Background: Sickle cell disease (SCD) is a disorder that results in increased hospitalizations and higher mortality. Advances in management have resulted in increases in life expectancy and led to increasing awareness of sickle cell hepatopathy (SCH). However, its impact in patients on the natural history and outcomes of SCD is not known. Our study aims to describe the prevalence of extreme hyperbilirubinemia (EH), one form of SCH, its effect on morbidity and mortality, and correlations between sickle cell genotype and SCH type. We hypothesize that EH is associated with higher morbidity and mortality.

Aim: To investigate the effects of EH on morbidity and mortality among patients with SCD.

Methods: This retrospective cohort study was performed using a database of patients with SCD treated at Grady Memorial Hospital between May 2004 and January 2017. Patients with EH (defined as total bilirubin above 13.0 mg/dL) were identified. A control group was identified from the same database with patients with total serum bilirubin ≤ 5.0 mg/dL. Electronic medical records were used to extract demographic information, laboratory values, radiology results, current medications, need for transfusions and mortality data. Two samples T-test, chi-squared test and Fisher's exact test were then used to compare the parameters between the two groups.

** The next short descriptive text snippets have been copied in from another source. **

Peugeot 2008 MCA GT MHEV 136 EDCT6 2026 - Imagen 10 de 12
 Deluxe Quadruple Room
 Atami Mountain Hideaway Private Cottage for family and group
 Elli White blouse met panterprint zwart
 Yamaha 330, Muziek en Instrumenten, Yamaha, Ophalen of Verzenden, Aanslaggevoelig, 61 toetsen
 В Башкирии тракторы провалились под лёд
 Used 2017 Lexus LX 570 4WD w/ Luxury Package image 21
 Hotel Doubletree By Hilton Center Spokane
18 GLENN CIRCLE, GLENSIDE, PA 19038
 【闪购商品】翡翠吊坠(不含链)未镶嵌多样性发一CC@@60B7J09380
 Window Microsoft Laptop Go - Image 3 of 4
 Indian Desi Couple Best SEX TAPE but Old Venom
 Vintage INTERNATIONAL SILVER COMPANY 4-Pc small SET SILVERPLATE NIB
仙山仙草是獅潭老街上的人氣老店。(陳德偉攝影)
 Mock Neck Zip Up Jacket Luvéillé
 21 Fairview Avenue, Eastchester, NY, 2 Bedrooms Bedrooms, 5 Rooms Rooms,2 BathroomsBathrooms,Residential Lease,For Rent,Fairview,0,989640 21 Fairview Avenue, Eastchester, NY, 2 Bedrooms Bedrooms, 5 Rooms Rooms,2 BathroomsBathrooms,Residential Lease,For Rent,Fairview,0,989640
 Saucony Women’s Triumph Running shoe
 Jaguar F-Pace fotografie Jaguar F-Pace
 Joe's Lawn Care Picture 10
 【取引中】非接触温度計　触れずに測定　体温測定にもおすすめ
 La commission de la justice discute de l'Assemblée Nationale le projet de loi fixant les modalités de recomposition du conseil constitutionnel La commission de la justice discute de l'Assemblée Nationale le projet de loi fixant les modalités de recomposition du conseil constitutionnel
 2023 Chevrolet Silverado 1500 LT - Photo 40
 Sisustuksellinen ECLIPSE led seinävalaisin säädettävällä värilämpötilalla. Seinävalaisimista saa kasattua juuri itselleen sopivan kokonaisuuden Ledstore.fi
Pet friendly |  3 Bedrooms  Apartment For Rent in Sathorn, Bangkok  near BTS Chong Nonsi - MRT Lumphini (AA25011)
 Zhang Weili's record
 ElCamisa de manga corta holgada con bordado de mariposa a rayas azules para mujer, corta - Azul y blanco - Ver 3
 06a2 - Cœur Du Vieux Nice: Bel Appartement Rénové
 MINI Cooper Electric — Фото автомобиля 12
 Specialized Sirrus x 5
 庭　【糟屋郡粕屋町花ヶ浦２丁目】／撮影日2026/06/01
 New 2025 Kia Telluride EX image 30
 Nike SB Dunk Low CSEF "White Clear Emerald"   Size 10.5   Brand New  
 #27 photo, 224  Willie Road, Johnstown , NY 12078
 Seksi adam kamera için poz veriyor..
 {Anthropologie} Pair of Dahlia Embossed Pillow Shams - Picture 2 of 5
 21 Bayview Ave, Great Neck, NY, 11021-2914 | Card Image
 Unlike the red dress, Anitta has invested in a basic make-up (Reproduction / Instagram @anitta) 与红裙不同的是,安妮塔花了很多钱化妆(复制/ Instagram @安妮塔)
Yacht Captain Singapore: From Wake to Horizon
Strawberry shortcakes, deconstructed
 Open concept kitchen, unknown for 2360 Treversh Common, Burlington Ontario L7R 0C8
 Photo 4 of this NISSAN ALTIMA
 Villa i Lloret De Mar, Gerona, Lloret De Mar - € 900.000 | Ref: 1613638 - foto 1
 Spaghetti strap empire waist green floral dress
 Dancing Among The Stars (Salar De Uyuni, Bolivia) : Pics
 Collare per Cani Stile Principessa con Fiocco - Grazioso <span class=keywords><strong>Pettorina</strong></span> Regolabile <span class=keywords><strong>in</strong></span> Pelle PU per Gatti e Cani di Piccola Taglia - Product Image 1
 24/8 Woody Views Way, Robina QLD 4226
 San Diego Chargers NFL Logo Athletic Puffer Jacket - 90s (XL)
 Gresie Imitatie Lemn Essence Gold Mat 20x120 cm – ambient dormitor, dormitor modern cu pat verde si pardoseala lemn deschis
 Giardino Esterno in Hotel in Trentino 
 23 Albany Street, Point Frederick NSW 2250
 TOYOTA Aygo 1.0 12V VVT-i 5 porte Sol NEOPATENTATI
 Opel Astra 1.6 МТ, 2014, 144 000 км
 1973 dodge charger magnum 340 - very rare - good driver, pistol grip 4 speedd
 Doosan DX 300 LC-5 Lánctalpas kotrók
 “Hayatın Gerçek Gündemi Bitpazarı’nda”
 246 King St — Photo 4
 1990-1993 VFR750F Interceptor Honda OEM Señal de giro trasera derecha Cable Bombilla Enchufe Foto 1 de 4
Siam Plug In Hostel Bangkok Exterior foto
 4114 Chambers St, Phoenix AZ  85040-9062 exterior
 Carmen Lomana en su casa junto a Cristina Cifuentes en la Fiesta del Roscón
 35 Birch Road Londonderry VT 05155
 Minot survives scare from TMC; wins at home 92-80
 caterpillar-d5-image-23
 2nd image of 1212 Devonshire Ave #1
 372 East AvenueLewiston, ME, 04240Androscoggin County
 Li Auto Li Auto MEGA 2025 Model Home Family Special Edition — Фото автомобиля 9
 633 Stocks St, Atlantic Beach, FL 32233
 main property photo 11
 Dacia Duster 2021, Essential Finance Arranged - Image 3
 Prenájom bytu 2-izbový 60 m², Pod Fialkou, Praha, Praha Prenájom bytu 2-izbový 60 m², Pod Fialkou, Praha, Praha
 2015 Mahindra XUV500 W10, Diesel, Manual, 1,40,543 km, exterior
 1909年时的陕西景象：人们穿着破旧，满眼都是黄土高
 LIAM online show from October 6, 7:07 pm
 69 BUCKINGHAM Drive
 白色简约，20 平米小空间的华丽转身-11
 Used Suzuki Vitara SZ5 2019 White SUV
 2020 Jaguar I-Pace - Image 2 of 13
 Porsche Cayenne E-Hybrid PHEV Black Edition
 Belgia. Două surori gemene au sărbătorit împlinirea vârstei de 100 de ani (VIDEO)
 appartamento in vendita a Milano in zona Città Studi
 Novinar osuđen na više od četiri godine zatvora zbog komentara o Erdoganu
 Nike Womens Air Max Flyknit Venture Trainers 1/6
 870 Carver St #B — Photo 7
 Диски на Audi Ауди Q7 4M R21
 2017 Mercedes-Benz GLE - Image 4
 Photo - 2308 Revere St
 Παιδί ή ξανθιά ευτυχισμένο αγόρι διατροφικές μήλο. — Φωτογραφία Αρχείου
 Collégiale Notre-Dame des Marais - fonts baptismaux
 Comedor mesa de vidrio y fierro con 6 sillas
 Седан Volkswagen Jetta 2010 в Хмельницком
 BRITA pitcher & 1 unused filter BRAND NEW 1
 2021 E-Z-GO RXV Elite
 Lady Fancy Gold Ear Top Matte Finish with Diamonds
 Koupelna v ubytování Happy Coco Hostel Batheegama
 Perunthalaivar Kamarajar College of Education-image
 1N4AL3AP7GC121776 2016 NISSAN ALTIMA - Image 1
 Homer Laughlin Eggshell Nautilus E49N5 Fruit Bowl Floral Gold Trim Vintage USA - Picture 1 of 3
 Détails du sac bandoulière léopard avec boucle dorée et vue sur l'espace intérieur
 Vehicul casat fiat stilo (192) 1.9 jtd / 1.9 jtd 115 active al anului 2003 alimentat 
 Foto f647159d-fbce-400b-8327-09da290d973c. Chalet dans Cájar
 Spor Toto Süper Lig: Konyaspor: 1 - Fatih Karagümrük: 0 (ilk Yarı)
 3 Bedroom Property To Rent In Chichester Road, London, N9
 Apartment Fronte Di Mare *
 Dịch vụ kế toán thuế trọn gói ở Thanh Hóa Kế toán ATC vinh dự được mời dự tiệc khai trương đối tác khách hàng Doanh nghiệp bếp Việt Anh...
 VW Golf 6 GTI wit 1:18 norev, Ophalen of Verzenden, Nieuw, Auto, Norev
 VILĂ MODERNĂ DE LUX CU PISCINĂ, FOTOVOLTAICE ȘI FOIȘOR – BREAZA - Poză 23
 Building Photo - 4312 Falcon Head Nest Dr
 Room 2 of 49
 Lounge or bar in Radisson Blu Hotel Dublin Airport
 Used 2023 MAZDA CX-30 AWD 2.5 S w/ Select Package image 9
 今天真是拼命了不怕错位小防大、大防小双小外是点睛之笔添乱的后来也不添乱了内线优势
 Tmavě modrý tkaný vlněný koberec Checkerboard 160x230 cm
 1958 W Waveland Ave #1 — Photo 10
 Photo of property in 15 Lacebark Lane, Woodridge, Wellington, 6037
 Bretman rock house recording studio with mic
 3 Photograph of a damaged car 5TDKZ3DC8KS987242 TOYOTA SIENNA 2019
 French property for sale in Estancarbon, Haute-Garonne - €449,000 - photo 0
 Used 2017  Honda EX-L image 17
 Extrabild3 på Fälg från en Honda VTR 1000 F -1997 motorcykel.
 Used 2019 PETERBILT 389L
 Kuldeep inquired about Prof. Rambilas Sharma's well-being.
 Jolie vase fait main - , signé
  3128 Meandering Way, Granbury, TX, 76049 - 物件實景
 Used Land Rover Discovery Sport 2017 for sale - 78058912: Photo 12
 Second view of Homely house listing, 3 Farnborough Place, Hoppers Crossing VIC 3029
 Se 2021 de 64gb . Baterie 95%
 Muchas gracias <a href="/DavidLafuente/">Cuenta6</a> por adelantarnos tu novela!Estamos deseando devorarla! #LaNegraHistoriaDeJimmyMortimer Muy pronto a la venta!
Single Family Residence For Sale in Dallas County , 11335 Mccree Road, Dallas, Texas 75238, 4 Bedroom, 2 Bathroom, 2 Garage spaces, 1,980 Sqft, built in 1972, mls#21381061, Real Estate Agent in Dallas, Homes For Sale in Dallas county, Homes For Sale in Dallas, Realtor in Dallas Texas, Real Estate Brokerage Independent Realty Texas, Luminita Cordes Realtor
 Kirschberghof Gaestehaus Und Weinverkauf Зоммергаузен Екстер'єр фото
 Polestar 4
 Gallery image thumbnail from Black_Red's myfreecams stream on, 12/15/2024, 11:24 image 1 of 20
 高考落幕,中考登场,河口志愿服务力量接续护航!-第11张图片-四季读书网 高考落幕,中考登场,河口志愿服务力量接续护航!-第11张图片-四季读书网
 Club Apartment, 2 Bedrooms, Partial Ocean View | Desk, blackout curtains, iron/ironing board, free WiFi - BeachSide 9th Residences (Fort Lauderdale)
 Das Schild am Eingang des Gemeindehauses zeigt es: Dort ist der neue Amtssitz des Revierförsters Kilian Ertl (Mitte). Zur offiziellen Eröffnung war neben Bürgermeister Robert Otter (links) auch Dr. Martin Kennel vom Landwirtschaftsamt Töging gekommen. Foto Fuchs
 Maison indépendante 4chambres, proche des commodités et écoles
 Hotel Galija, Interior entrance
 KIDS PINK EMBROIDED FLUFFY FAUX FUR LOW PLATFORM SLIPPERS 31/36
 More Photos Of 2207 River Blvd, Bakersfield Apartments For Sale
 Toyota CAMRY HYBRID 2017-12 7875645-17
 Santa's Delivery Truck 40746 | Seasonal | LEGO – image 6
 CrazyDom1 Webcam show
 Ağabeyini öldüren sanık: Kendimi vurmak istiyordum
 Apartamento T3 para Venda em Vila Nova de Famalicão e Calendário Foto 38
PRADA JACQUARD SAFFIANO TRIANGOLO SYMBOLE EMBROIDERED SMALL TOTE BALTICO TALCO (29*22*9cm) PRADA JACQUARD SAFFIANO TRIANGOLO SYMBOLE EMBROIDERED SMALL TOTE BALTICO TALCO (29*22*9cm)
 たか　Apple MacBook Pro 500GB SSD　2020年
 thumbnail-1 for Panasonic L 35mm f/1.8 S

Results: Out of the database, fifty-seven charts were found of patients with bilirubin > 13 mg/dL. Prevalence of severe SCH as defined by EH was 4.8% (57/1172). There were no demographic differences between patients with and without EH. Significant genotypic differences existed between the two groups, with hemoglobin SS SCD being much higher in the EH group (P < 0.001). Patients with severe EH had a significant elevations in alanine aminotransferase (157.0 ± 266.2 IU/L vs 19.8 ± 21.3 IU/L, P < 0.001), aspartate aminotransferase (256.5 ± 485.9 U/L vs 28.2 ± 14.7 U/L, P < 0.001) and alkaline phosphatase (218.0 ± 176.2 IU/L vs 85.9 ± 68.4 IU/L, P < 0.001). Patients with EH had significantly higher degree of end organ failure measured with quick Sequential Organ Failure Assessment scores (0.42 ± 0.68 vs 0.01 ± 0.12, P < 0.001), increased need for blood products (63% vs 5%, P < 0.001), and exchange transfusions (10.5% vs 1.3%, P = 0.022).

Conclusion: Among patients with SCD, elevated levels of total bilirubin are rare, but indicative of elevated morbidity, mortality, and need for blood transfusions. Large differences in sickle cell genotype also exist, but the significance of this is unknown.

Keywords: Extreme hyperbilirubinemia; Liver diseases; Mortality; Sickle cell disease; Sickle cell hepatopathy.